* _What is required_: Write out, word for word, every line in the data below from the one containing "Rose Quartz Face" to the one containing "Khanh Hoa Province", both of them included.

* _Available records_:
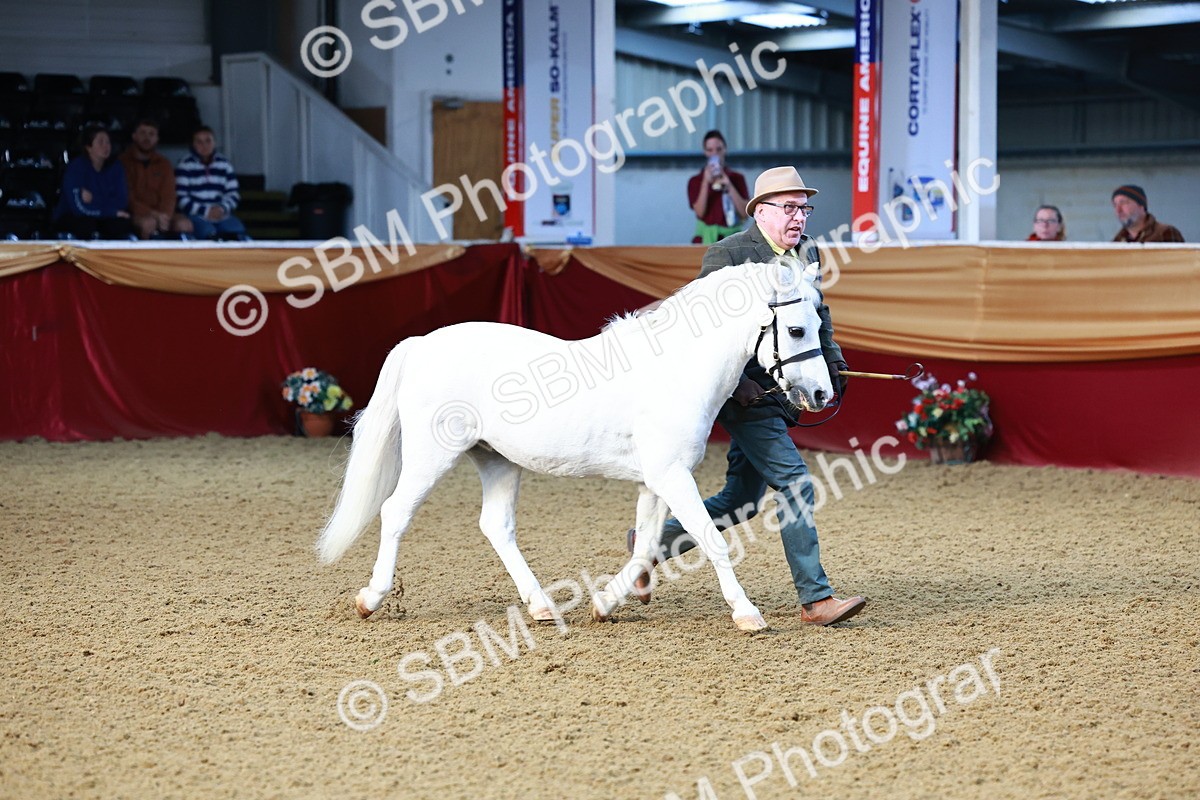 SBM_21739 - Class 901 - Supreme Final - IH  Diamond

--

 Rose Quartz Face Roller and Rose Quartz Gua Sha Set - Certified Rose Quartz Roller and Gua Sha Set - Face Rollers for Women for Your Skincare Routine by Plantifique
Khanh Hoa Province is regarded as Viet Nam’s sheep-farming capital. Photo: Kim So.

* _Exercise solution_:
 Rose Quartz Face Roller and Rose Quartz Gua Sha Set - Certified Rose Quartz Roller and Gua Sha Set - Face Rollers for Women for Your Skincare Routine by Plantifique
Khanh Hoa Province is regarded as Viet Nam’s sheep-farming capital. Photo: Kim So.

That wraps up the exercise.